▶ [Work required] Find the line below with "petite table 20 Saint-Yan (71)" and the line with "Carrine | Brazalete". Output exactly those lines and everything between them, leaving out the pictures.

▶ [Excerpted records]
"""
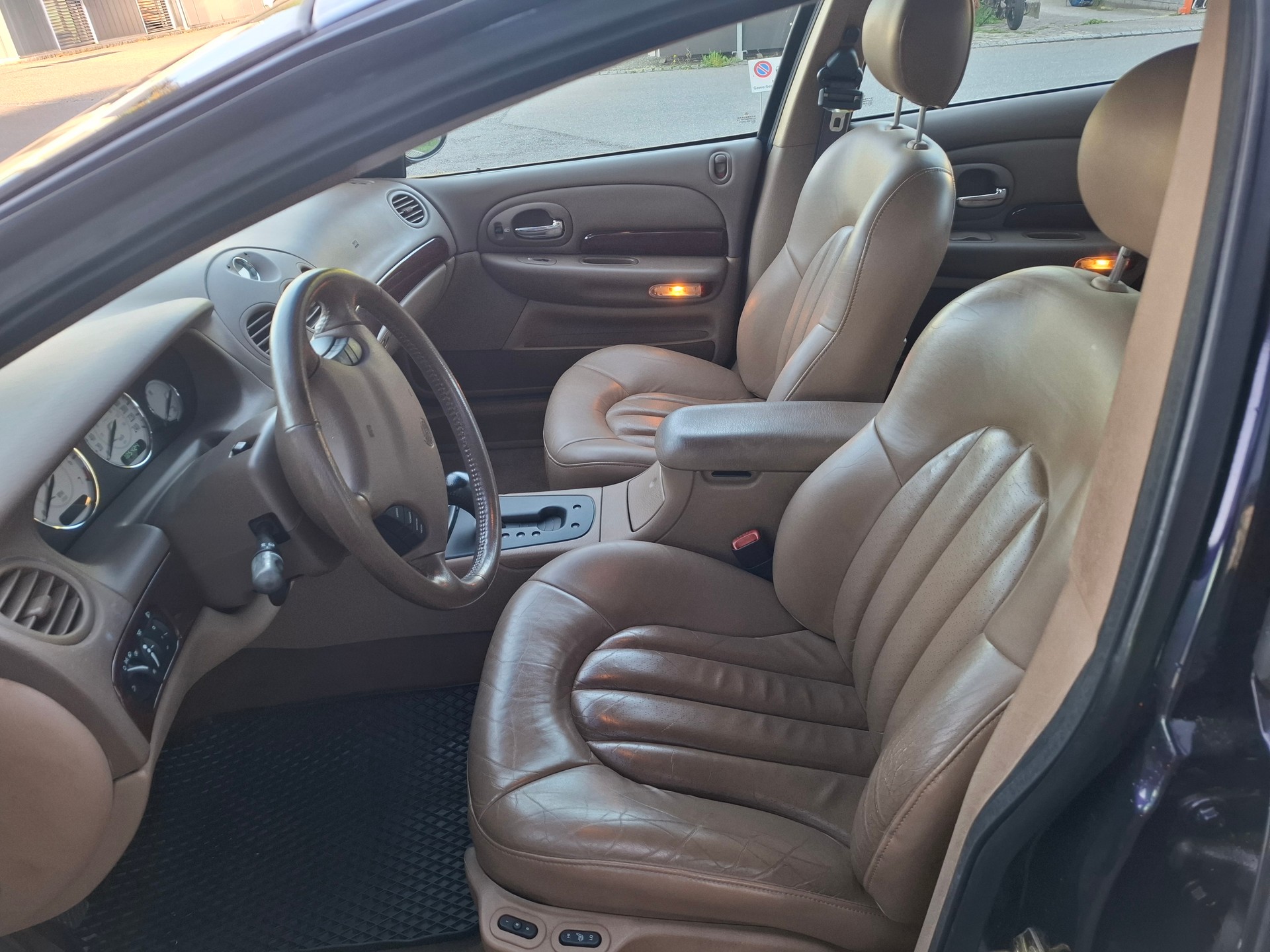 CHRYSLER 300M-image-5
"""
"""
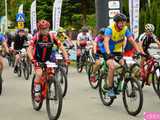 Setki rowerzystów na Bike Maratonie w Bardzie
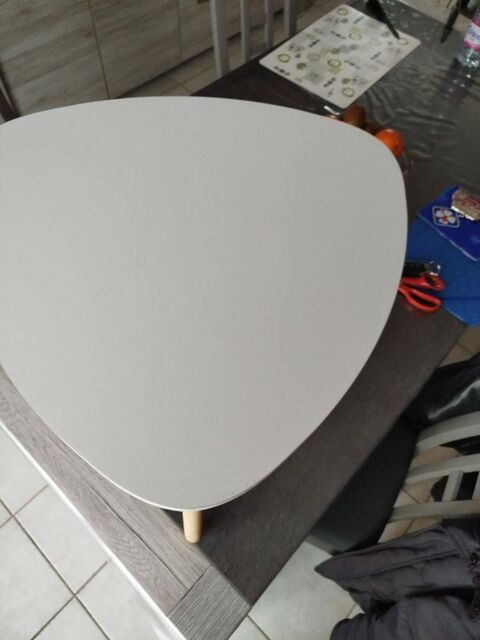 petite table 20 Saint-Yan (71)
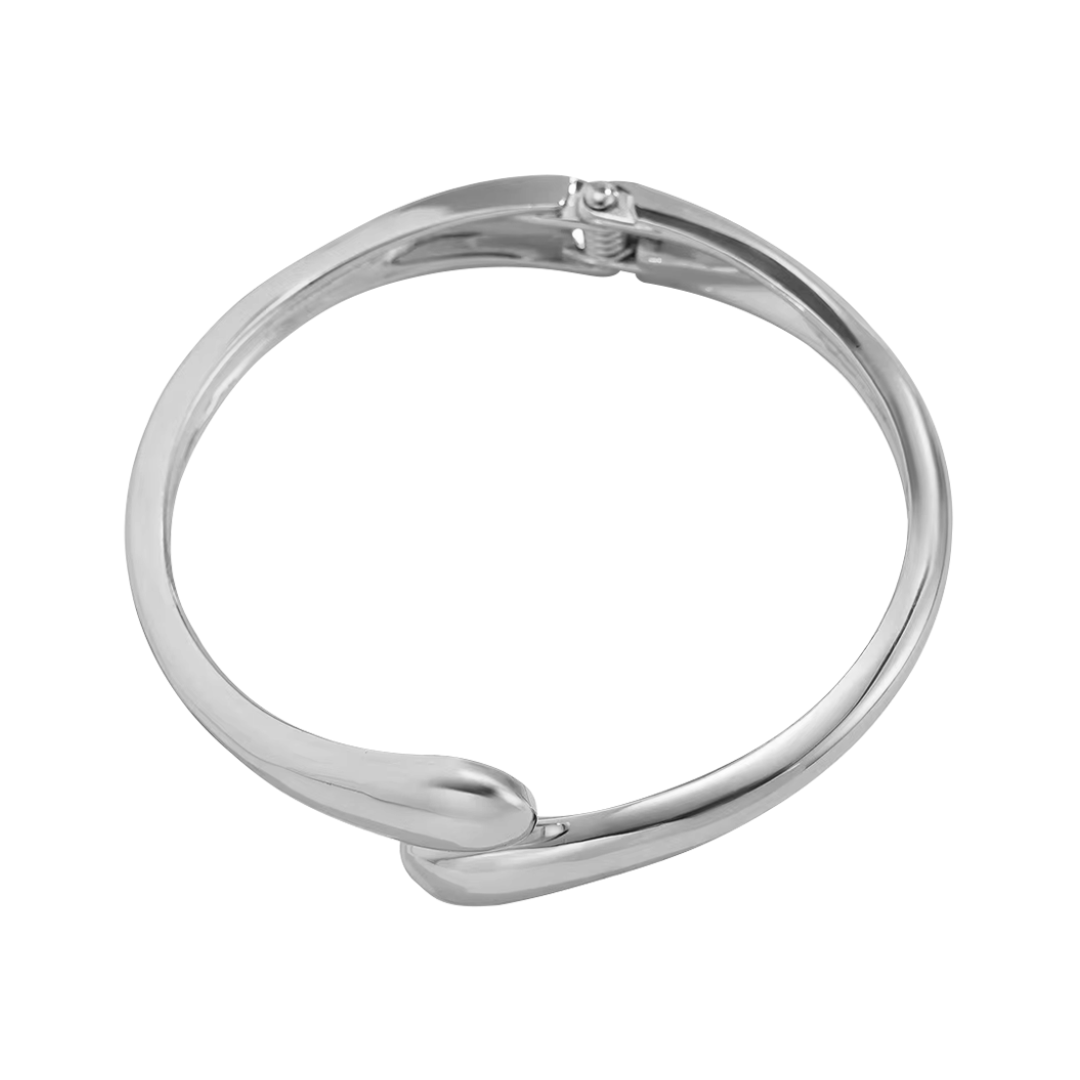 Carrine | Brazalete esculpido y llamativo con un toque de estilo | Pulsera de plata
"""
"""
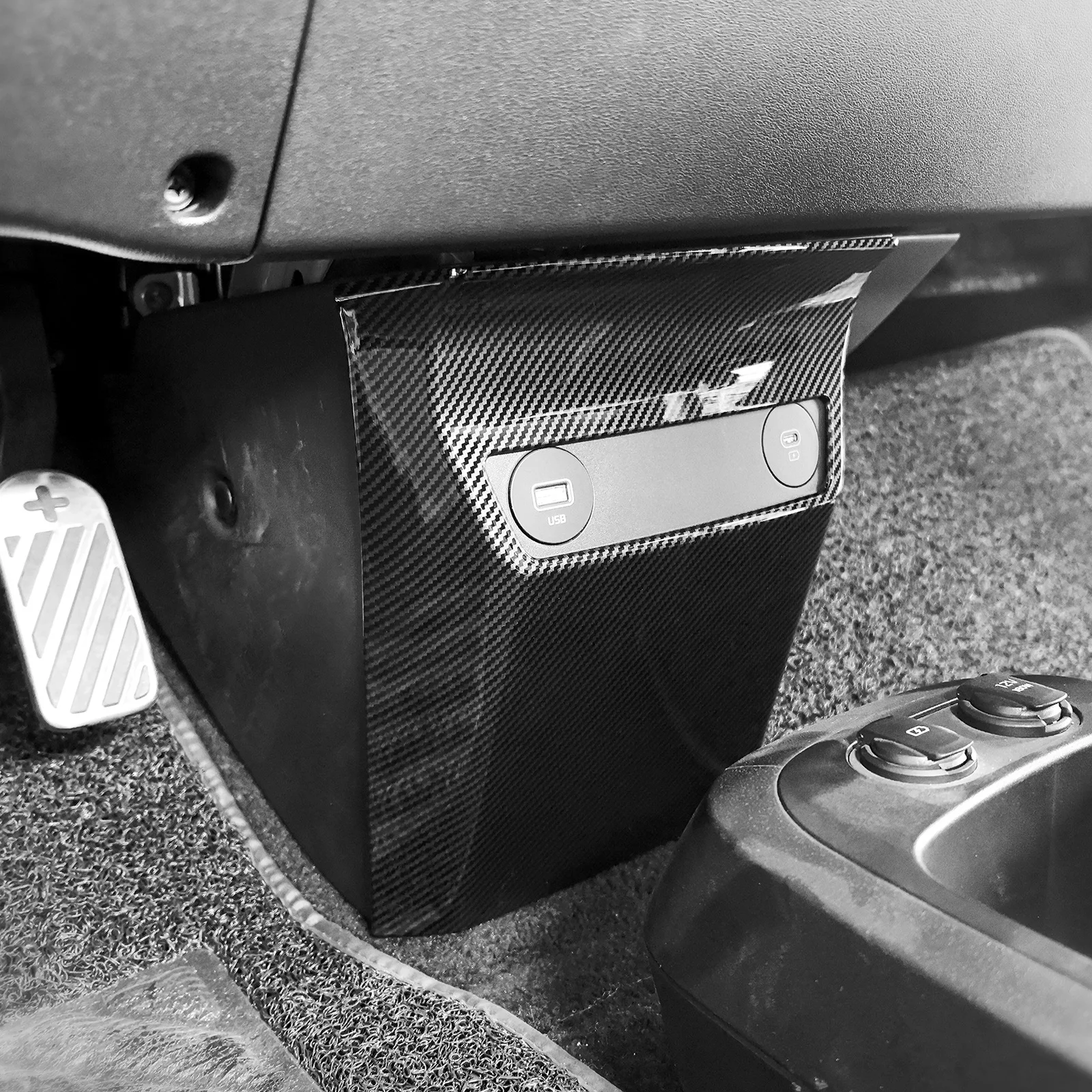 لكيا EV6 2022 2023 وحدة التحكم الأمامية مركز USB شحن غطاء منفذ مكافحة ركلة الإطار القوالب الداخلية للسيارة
"""
▶ [The answer]
 petite table 20 Saint-Yan (71)
 Carrine | Brazalete esculpido y llamativo con un toque de estilo | Pulsera de plata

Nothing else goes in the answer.